PROVIDED MATERIAL =
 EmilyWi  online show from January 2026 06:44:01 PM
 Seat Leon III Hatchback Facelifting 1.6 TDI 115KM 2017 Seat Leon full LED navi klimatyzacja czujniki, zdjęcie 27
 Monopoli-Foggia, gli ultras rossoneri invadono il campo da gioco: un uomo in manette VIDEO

---

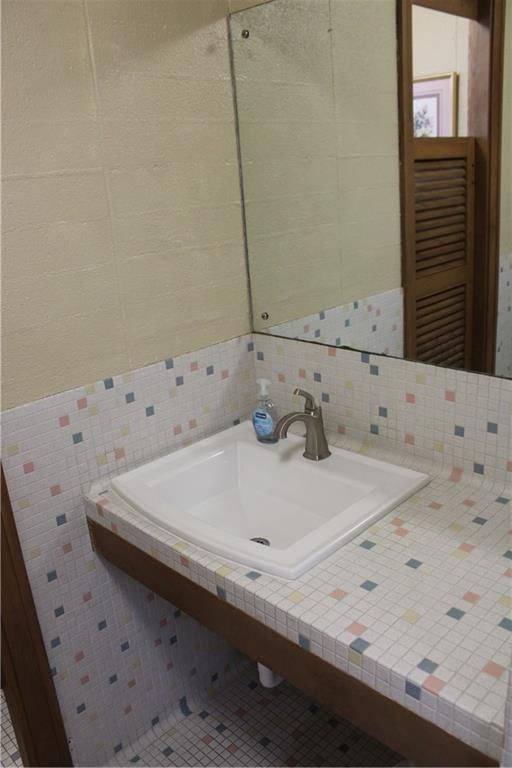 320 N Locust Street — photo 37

...

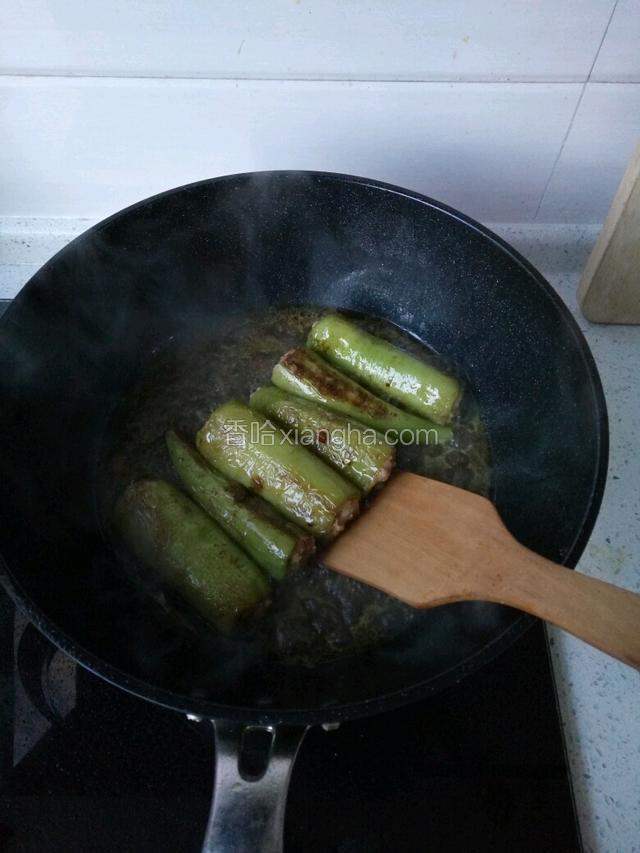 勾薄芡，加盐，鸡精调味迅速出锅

TASK PROMPT = Find the line with "Seat Leon III" in the material above. Reproduce it and each line after it up to and including the line with "Monopoli-Foggia, gli ultras".

PROBLEM SOLUTION =
 Seat Leon III Hatchback Facelifting 1.6 TDI 115KM 2017 Seat Leon full LED navi klimatyzacja czujniki, zdjęcie 27
 Monopoli-Foggia, gli ultras rossoneri invadono il campo da gioco: un uomo in manette VIDEO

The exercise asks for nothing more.